De functie ARM-sjabloon references retourneert een matrix met objecten die de runtimestatussen van een resourceverzameling vertegenwoordigen. In Bicep is er geen expliciete verwijzingsfunctie. In plaats daarvan wordt het symbolische verzamelingsgebruik rechtstreeks toegepast en tijdens het genereren van code vertaalt Bicep deze naar een ARM-sjabloon die gebruikmaakt van de functie ARM-sjabloonverwijzingen. Voor de vertaalfunctie waarmee symbolische verzamelingen worden omgezet in ARM-sjablonen met behulp van de functie Verwijzingen, is het nodig om Bicep CLI versie 0.20.X of hoger te hebben.

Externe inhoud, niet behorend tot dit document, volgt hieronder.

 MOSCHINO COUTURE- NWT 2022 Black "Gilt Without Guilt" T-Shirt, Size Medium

Daarnaast moet in het bicepconfig.json bestand de symbolicNameCodegen instelling worden weergegeven en ingesteld op true.

De uitvoer van de twee voorbeelden in de index Integer kan worden geschreven als:

param location string = resourceGroup().location
param storageCount int = 2

resource storageAcct 'Microsoft.Storage/storageAccounts@2022-09-01' = [for i in range(0, storageCount): {
  name: '${i}storage${uniqueString(resourceGroup().id)}'
  location: location
  sku: {
    name: 'Standard_LRS'
  }
  kind: 'Storage'
}]

output storageInfo array = map(storageAcct, store => {
  blobEndpoint: store.properties.primaryEndpoints
  status: store.properties.statusOfPrimary
})

output storageAccountEndpoints array = map(storageAcct, store => store.properties.primaryEndpoints)

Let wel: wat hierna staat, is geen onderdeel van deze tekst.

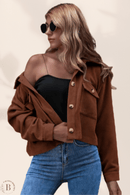 Giacca Corta Elegante Donna Marrone | Paradiso Bohemien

Dit Bicep-bestand wordt omgezet in de volgende ARM JSON-sjabloon die gebruikmaakt van de references functie:

{
  "$schema": "https://schema.management.azure.com/schemas/2019-04-01/deploymentTemplate.json#",
  "languageVersion": "1.10-experimental",
  "contentVersion": "1.0.0.0",
  "parameters": {
    "location": {
      "type": "string",
      "defaultValue": "[resourceGroup().location]"
    },
    "storageCount": {
      "type": "int",
      "defaultValue": 2
    }
  },
  "resources": {
    "storageAcct": {
      "copy": {
        "name": "storageAcct",
        "count": "[length(range(0, parameters('storageCount')))]"
      },
      "type": "Microsoft.Storage/storageAccounts",
      "apiVersion": "2022-09-01",
      "name": "[format('{0}storage{1}', range(0, parameters('storageCount'))[copyIndex()], uniqueString(resourceGroup().id))]",
      "location": "[parameters('location')]",
      "sku": {
        "name": "Standard_LRS"
      },
      "kind": "Storage"
    }
  },
  "outputs": {
    "storageInfo": {
      "type": "array",
      "value": "[map(references('storageAcct', 'full'), lambda('store', createObject('blobEndpoint', lambdaVariables('store').properties.primaryEndpoints, 'status', lambdaVariables('store').properties.statusOfPrimary)))]"
    },
    "storageAccountEndpoints": {
      "type": "array",
      "value": "[map(references('storageAcct', 'full'), lambda('store', lambdaVariables('store').properties.primaryEndpoints))]"
    }
  }
}

Opmerking in de voorgaande ARM JSON-sjabloon languageVersion moet worden ingesteld op 1.10-experimentalen het resource-element is een object in plaats van een matrix.